Alfred Speakman (August 24, 1880 – November 4, 1943) was a politician from Alberta, Canada. He served as a United Farmers of Alberta MP from 1921 to 1935.

==Early life==
Speakman was born August 24, 1880, in Dundee, Scotland, to James Speakman and Mary Hannah Farrar, where he attended the High School of Dundee, before his family emigrated to Canada in 1891. (After settling in Alberta, his father was an activist in the organized Farmer movement.)

Speakman married Elva Pearl Soley, with whom he had one daughter, Mary Elva.

==Federal political career==
Speakman was elected to the House of Commons of Canada in the 1921 federal election in the district of Red Deer under the banner of the United Farmers of Alberta. He was re-elected in 1925, 1926 and 1930.

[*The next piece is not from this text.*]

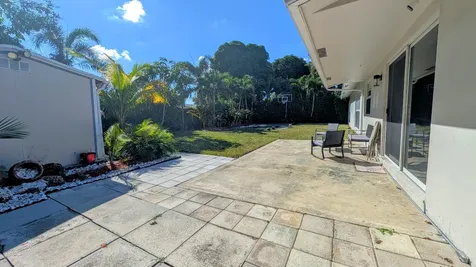6220 SW 4th Street Margate FL 33068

In the 1935 federal election he ran as a member of the Cooperative Commonwealth Federation and finished a distant third to Social Credit candidate Eric Joseph Poole. After this defeat, he devoted his energies to fighting Social Credit at the provincial level.

==Provincial political career==
Speakman was instrumental in the Unity Movement, which united Alberta's opposition parties against the Social Credit government. On October 12, 1937, Speakman, as a former long-serving Member of Parliament, brought delegates from the United Farmers, Conservatives, Liberals and some disillusioned Social Crediters to a conference in Red Deer that brought the Unity coalition together.

Speakman ran as a candidate under the independent label in Red Deer in the 1940 Alberta general election and was elected after ballot transfers as was done under the instant-runoff voting system in use at the time.

Speakman served as an MLA in the Unity caucus until his death in 1943. Speakman served briefly as Leader of the Official Opposition in Alberta in 1942.

Speakman died suddenly at his home in Edmonton on November 4, 1943, after suffering from poor health.